Escuchaba con atención, como si la voz de aquella mujer me tuviera hipnotizado. Nadie se atrevía a hablar, ni siquiera a mirar a ninguna parte que no fuera la cara, los ojos, la boca de aquella mujer espeluznante en cuya voz estaban escritos con mayúsculas la amenaza y el peligro más inminente. Era la encarnación del poder llevado al extremo. Había leído textos en la asignatura de Historia sobre lugares a los que algunas sociedades enviaban a los habitantes mal encaminados a reinsertarse, y aquello me los recordó tanto que incluso desde el frío del aula visualicé una página de aquel libro y una fotografía en la que aparecían personas dobladas por el esfuerzo como si sus piernas fueran de trapo.

—Y os invito a que, al salir de clase después de esta primera hora, observéis las fotos que cuelgan en el pasillo, las fotos de antiguos habitantes de este centro, todos ellos a día de hoy triunfadores. Alumnos que pasaron por aquí en su día porque también sus vidas se vieron por momentos desenfocadas, descarriadas, pero que afortunadamente tuvieron unos padres que los enviaron a tiempo a este refugio del que salieron dispuestos a triunfar como saldréis vosotros en dos meses. Porque en la vida todo cuesta. Y todo tiene un precio.

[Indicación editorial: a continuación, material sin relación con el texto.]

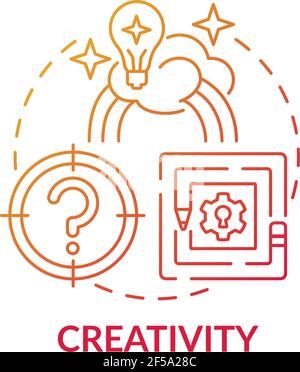 Creativity red gradient concept icon Stock Vector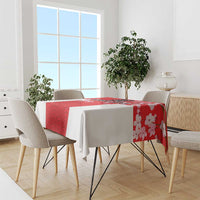 Red Japanese waves tablecloth with blossom corner design on dining table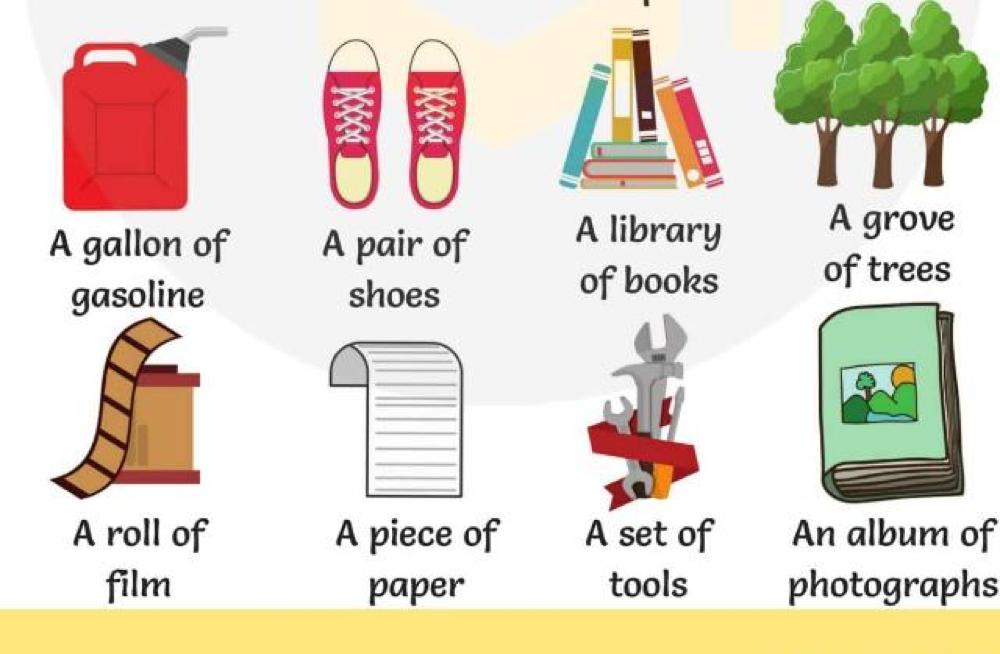 事物集体名词的理解和分类一览表，非常实用，值得看一看！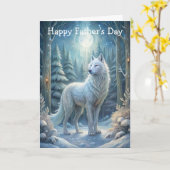 Ein wunderschöner weißer Wolf Karte (Gelbe Blume)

Siguió hablando con ese tono amenazador, enigmático y perverso, con la voz firme y sin apenas precipitarse. Daba la sensación de que tenía el discurso aprendido. En ese instante recordé las fotografías que había visto en el pasillo, enormes retratos de antiguos alumnos que rezumaban polvo y aspereza. Por momentos perdí la atención, hasta que nombró la torre gris y subió el tono de voz.

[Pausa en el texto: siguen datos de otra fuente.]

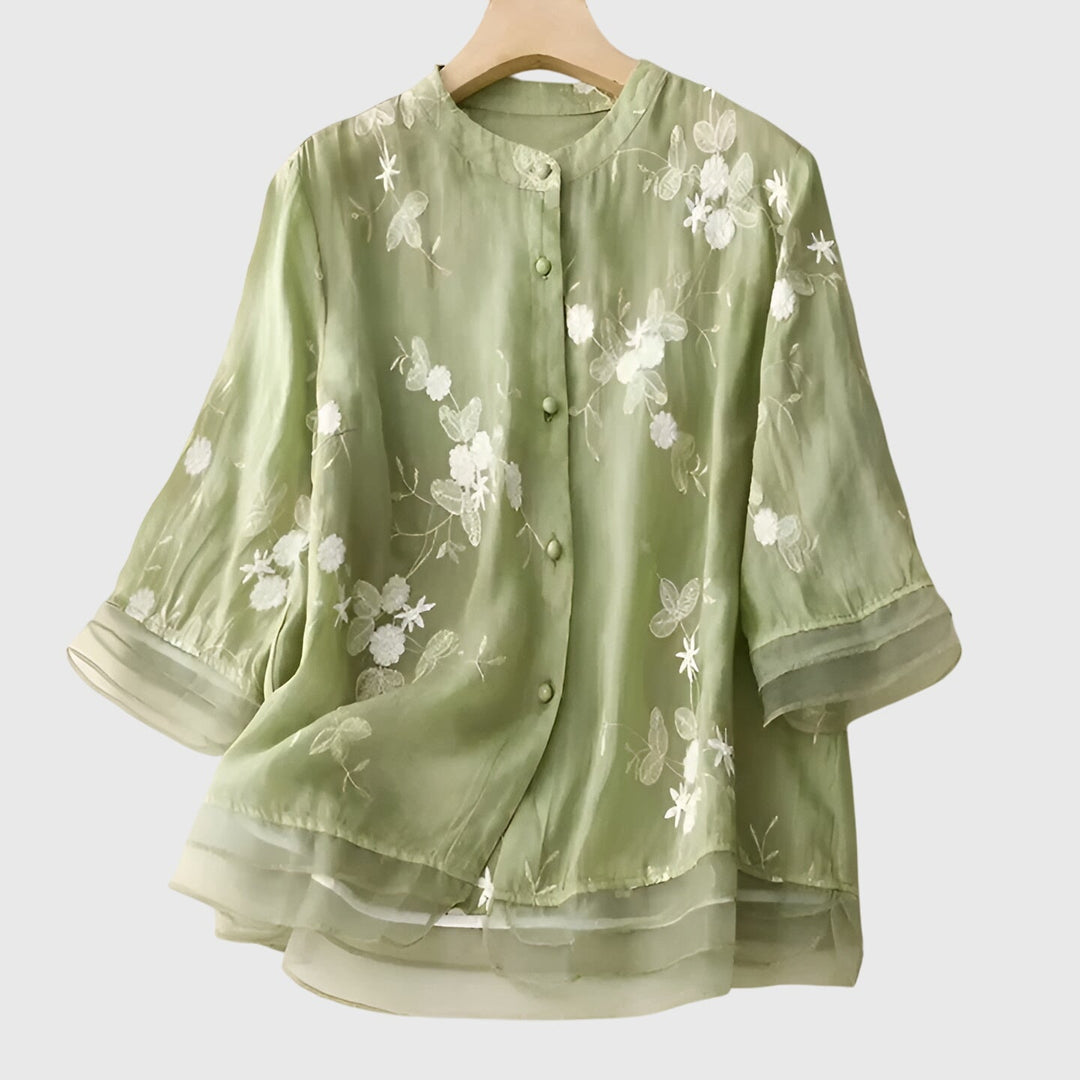 Harper Brooklyn | Top with Embroidered Flowers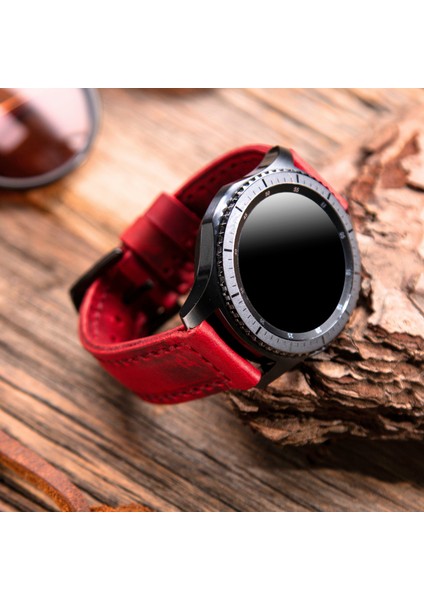 Samsung Galaxy Watch 4 / 5 / 6 44MM / 40MM / Galaxy Watch 5 Pro 45MM / Galaxy Watch 4 44MM / 40MM / Galaxy Watch 4 Classic 46MM / 42MM 47MM Active 2 40MM 44MM Uyumlu Deri Kordon Kayış Kırmızı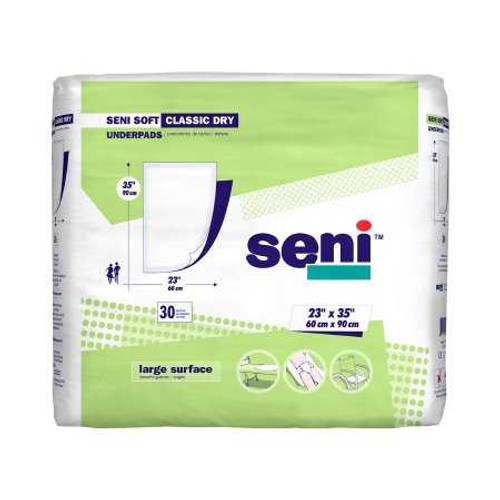 Disposable Underpad Seni® Soft Classic Dry 23 x 35 Inch Cellulose Pulp Light Absorbency S-0330-UC1 Case of 120 751012 Seni® Soft Classic Dry 1163831_CS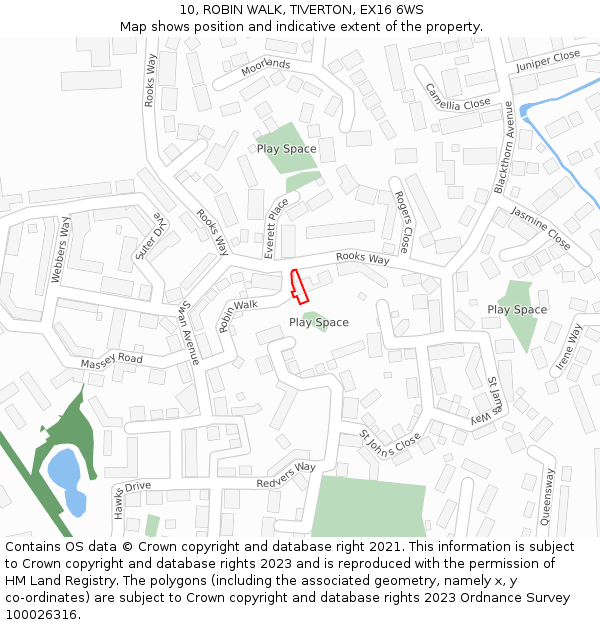 10, ROBIN WALK, TIVERTON, EX16 6WS: Location map and indicative extent of plot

—No querría enviar a nadie a la torre pero, como os estaba diciendo, hay unas normas que seguir y cada verano, tarde o temprano, hay alguno que trata de impedir el buen funcionamiento de nuestra metodología. ¡La torre está preparada, como lo estamos nosotros!

Nadie dijo nada. El discurso de la directora tenía un punto ridículo, que invitaba a la burla y, sin embargo, había algo en ella que despertaba un terror inmediato. Todos permanecimos sentados, en silencio. Y cuando quise llevarme la mano derecha al bolsillo uno de los vigilantes me señaló.

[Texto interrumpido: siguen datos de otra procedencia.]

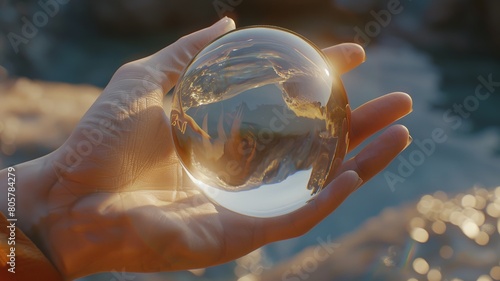 Envision the beauty of a transparent glass globe nestled within the palm of a hand, its pristine surface reflecting the surrounding light with mesmerizing clarity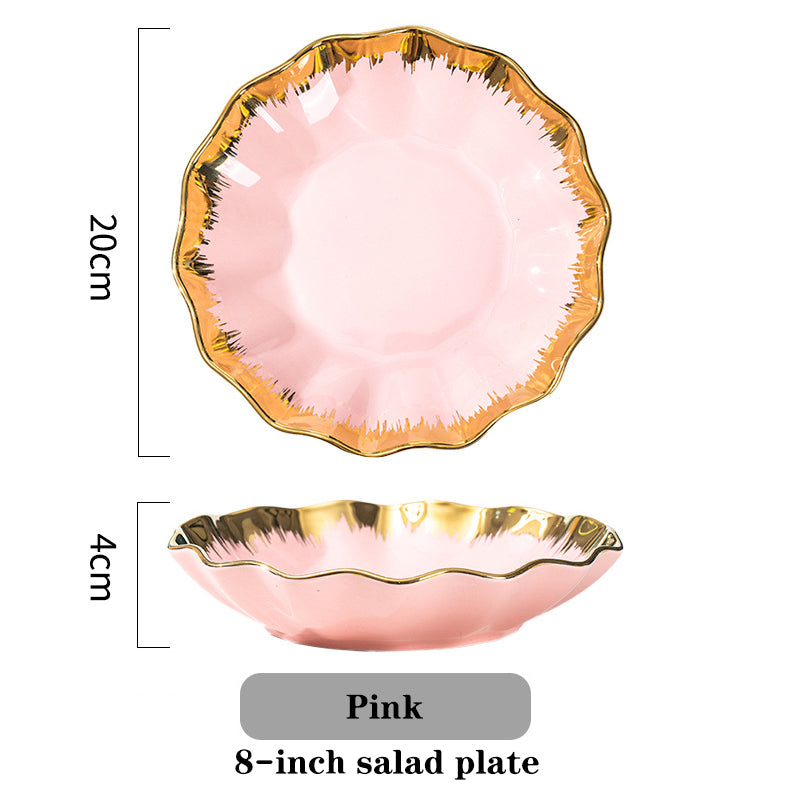 Retro Pastel with Gold Ceramic Tableware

—¿qué buscas en el bolsillo?

—Nada —dije temblando. Y era verdad. Me había traicionado la inercia. Era la costumbre la que me había hecho llevar la mano al bolsillo para buscar los chicles que el vigilante de la entrada me había quitado.

La directora vino hacia a mí y me apretó el brazo derecho con una fuerza de hombre que me hizo recordar a mi padre. Miré de cerca las manos y, cuando estaba a punto de gritar, me soltó y me acarició la nuca. Entonces noté su tacto, gélido como el hielo.

Toda la clase me estaba mirando.

Fueron sus ojos lo que más llamó la atención. Se sentaba dos sillas por delante de mí, en diagonal. Su mirada mezclaba la súplica con carácter, como si pudiera leerse que había sufrido y no sabía cómo dejar de hacerlo. Bajé la vista y en la suela de sus zapatillas, escrito con rotulador, leí el nombre de Iris.